Find a girlfriend and leave
 
I've been using the forum less and i think i wanna delete my account soon because its honestly destroying me

The more research I do and more knowledge i gain the more insecurities i am able to pick out about myself and the more i hate myself.
At first i just wanted to look a little better and be a pretty good looking guy not a chad or anything.
Now i just find myself chasing some impossible goal of looking like how these chad male models look under perfect lighting and professional cameras and edited pictures and saving up all my money that i could use for so much better purposes like a car or for uni tuition and I'm going to just use it all on surgery so i can feel better about myself.

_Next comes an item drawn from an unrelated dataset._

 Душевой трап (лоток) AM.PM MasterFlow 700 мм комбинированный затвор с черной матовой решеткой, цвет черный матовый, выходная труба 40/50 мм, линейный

Its truly beginning to ruin my life and i really cant look at people the same anymore. Its also given me a strong hatred towards women that i never used to have.
But even if i do delete my account on here what will that really change.
How can i actually stop thinking about the blackpill and obsessing over how i look
Blissful ignorance is the way to be happy and "secure". If you believe looks, size, money, height and status don't matter and that it's the personality and the quality of your character that matter, then you can always cope by saying you have good personality and that's all that matters and be secure.

So, basically, you need a lack of knowledge and little to no understanding of human physiology, society and social dynamics if you want to be secure. That way you will delude yourself into thinking people love you for who you are instead of what you have and can offer and that also the government loves you, wants to raise your wage and help you have a better life. With these delusions and fantasies, you can be happy.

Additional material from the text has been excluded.